* Task statement: Find "Modern Contemporary Camel" in the records that follow; print that line and each subsequent line through the last one, verbatim and with nothing added.

*** Data records Section Begins ***

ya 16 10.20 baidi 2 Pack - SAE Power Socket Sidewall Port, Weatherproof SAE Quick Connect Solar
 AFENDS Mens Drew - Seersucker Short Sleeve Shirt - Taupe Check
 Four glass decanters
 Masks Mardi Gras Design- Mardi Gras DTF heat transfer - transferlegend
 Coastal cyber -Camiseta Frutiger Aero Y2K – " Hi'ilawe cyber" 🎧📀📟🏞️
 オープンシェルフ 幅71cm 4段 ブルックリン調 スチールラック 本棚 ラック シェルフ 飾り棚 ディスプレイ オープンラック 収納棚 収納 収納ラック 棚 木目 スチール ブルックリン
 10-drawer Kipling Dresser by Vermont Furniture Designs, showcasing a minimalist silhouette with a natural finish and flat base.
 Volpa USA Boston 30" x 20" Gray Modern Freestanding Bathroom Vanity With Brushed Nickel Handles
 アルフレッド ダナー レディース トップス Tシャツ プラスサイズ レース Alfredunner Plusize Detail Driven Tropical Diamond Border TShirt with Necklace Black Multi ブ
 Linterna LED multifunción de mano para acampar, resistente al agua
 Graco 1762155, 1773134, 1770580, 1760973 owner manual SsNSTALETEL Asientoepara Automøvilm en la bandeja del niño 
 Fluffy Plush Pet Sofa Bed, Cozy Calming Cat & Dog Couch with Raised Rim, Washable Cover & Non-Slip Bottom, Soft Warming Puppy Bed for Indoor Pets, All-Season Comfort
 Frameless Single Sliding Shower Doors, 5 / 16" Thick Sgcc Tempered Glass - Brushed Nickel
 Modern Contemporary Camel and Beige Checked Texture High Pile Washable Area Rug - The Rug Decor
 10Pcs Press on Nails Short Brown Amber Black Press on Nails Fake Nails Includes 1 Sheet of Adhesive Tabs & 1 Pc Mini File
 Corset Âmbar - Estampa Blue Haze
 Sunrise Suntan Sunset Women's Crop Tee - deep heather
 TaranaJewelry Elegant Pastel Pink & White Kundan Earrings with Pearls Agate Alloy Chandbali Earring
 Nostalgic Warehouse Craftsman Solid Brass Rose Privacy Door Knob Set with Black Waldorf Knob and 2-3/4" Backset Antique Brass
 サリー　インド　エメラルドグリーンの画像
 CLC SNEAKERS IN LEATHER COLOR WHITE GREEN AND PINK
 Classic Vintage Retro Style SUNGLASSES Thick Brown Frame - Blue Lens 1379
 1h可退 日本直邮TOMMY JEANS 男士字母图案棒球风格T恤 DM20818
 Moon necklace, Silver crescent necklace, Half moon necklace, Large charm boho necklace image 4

*** Data records Section Ends ***

* Solution to this exercise:
 Modern Contemporary Camel and Beige Checked Texture High Pile Washable Area Rug - The Rug Decor
 10Pcs Press on Nails Short Brown Amber Black Press on Nails Fake Nails Includes 1 Sheet of Adhesive Tabs & 1 Pc Mini File
 Corset Âmbar - Estampa Blue Haze
 Sunrise Suntan Sunset Women's Crop Tee - deep heather
 TaranaJewelry Elegant Pastel Pink & White Kundan Earrings with Pearls Agate Alloy Chandbali Earring
 Nostalgic Warehouse Craftsman Solid Brass Rose Privacy Door Knob Set with Black Waldorf Knob and 2-3/4" Backset Antique Brass
 サリー　インド　エメラルドグリーンの画像
 CLC SNEAKERS IN LEATHER COLOR WHITE GREEN AND PINK
 Classic Vintage Retro Style SUNGLASSES Thick Brown Frame - Blue Lens 1379
 1h可退 日本直邮TOMMY JEANS 男士字母图案棒球风格T恤 DM20818
 Moon necklace, Silver crescent necklace, Half moon necklace, Large charm boho necklace image 4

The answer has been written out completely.